Spectroscopic analysis of the adsorption of carbon based nanoparticles on reservoir sandstones

The development of effective recovery techniques that can resolve the complexities of high interfacial tension (IFT), high viscosity and wettability in petroleum reservoirs will aid efforts to meet the world’s growing energy demands. Nanoparticles prove to be able to form adsorption layers on surfaces of sandstone and significantly change wettability and IFT. Despite the remarkable properties of graphene nanopaticles, not many studies have researched their potential application in EOR. In this study, sandstone coreplugs infused with crude oil, brine and carbon nanofluids (carbon nanocomposite and graphene) were characterized using field emission scanning electron microscopy (FESEM), Fourier Transform Infrared (FTIR), Raman spectroscopy, and X-ray photoelectron spectroscopy (XPS).
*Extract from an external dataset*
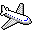 airporttransferstreviso.com icon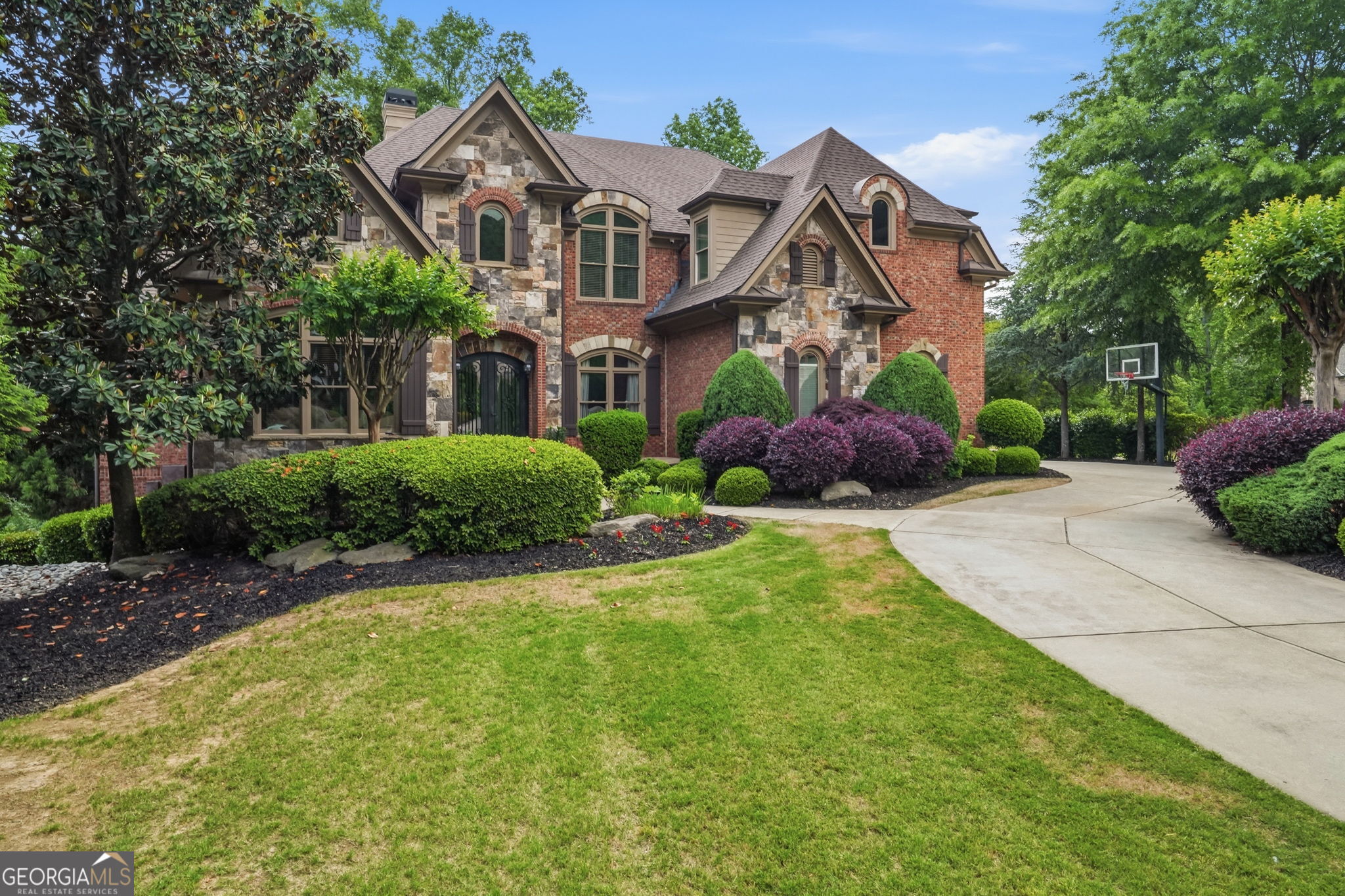 8340 Colonial Place Duluth GA 30097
IFT measurements were performed for oil/brine/CNPs and graphene nanofluid. The measured IFT values for brine/oil, carbon nanofluid/oil and graphene nanofluid/oil are 39–40 mN/m, 41–44 mN/m, and 9.8–11.4 mN/m, respectively. Spectroscopic analyses show that graphene has a stronger interaction (higher adsorption) on sandstone compared to the normal carbon nanoparticles, which is indicated by the lower Si–O Raman, lower FTIR transmittance for C–H peaks and the emergence of loss feature phenomenon in the XPS spectra of graphene infused with sandstone. The relatively lower FTIR transmittance intensities, well distributed carbon atoms and detected D' and D+D' Raman shifts also support the high interaction of graphene with oil and rock surface. The higher IFT reduction by graphene nanofluids is attributed to the combined high hydrophobicity and hydrophilic natures, which provides a dynamism for their detachment at the biphasic liquid/fluid interface.